Ivan: I think I did. Particularly, I think I imitated part of my first story too closely in my sequel. I think I could have done without the Statue of Liberty walking down Fifth Avenue. People love it, but I really wanted to work on the relationships that the main characters had, particularly between Bill Murray's and Sigourney Weaver's characters. I think that special effect may have gotten in the way of where that story was going.
Harking back to those original films... Jason, you mentioned nostalgia. How did you approach that balance of nostalgia with a new direction?
Jason: We wanted them to dovetail, of course. We wanted this to be a movie that had everything you loved about the original Ghostbusters, with new characters in a new location on a new adventure. And we wanted this to be something that, whether this was the 1,000th time you were watching a Ghostbusters movie -- which is actually true for many people -- or the first time you're watching, it had to work both ways. So [co-writer] Gil Kenan and I made a list of everything we'd ever want to see in a Ghostbusters movie -- everything we want to find, so to speak, in our grandparents basement while looking around, and [that] we wanted to hand fans back. The trap, PK meter, proton pack, the car, the flight suits, the sounds like the siren of Ecto-1. But everything in a new way.
Ivan: And also the family structure that we didn't quite have in the early movies. That dynamic can be very powerful.
Jason: Yeah, the original movies are always about four men who go into business together. And we were making a movie about three generations of a family needing to make amends. And I think that general propulsion of what the story was about was always going to keep it from simply re-creating the plot of the originals.
The 2016 remake with a female cast followed that original template. Were you tempted to invite the stars of that movie for cameos, or to continue that world?

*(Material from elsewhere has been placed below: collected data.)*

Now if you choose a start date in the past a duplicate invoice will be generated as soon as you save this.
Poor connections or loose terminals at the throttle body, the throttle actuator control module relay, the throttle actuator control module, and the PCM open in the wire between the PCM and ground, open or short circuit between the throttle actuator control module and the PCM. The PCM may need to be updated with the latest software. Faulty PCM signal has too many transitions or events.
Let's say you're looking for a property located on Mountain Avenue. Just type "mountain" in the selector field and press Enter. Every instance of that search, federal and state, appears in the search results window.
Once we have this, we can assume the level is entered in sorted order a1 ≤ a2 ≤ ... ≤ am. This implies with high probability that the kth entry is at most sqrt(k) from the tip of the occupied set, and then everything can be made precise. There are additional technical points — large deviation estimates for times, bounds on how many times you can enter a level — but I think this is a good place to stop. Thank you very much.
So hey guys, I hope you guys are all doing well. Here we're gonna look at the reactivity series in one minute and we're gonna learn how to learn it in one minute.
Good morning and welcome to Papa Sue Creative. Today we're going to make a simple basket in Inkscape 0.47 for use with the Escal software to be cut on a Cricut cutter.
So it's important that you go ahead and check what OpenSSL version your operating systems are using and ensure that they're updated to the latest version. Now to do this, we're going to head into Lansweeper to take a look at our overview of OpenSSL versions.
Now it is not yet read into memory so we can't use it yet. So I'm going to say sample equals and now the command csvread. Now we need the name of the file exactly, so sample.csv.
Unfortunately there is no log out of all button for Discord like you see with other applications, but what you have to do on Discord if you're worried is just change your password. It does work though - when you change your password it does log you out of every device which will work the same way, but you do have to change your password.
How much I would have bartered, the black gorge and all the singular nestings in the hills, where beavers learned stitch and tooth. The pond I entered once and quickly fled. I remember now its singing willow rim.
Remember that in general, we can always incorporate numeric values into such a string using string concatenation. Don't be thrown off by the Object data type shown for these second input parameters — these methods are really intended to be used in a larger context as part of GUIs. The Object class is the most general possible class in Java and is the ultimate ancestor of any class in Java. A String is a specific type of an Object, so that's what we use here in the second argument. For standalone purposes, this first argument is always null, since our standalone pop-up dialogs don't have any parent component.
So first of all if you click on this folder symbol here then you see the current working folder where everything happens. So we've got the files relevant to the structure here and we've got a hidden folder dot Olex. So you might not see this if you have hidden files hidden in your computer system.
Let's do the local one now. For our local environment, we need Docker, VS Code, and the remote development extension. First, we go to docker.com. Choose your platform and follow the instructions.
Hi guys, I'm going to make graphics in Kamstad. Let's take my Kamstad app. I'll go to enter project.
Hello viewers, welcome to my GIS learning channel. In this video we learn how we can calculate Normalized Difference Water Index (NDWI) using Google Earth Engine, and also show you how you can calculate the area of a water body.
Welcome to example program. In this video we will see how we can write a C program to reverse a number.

Jason: was made in its own universe. So we have to allow that to be its own universe, and if it's going to continue and have more films, then it would happen within that universe. The real groundbreaking thing that came out of that film was Paul Feig's ability to broaden the concept of what a Ghostbusters movie could be, which of course was necessary for us to make this film.
Were you worried you would overwrite that film in the minds of fans?
Jason: Not at all. I think that there are broad fandomships out there, like Marvel or Star Wars or Superman comics, that people love, in which there's an understanding of different continuities that exist for different characters. The Paul Feig film has its own universe and mythology, with four brilliant women. It just takes place in its own place.
Speaking of nostalgia, the Ecto-1 car looked like it drew on the toy as much as the film. How do you feel now looking at the fact that decades on, there's still sneakers being released and toys being made?
Jason: The original film was about the four men who became Ghostbusters. Ghostbusters: Afterlife is about the rest of us. It's about the group of us who played with the toys as kids, who have always dreamt of being Ghostbusters ourselves. So it's not an accident that Bug-eye, a ghost that was created for the toys, appears in this film. It's not an accident that there is a nod to the gunner chair on the original Kenner toy. This is a movie for everyone who's always wondered what it's like to be a Ghostbuster, always dreamt of putting on the flight suit, wondered what it felt like to catch a ghost. We want to show a group of characters who felt like us as kids, who wanted to bust a ghost and finally got the opportunity.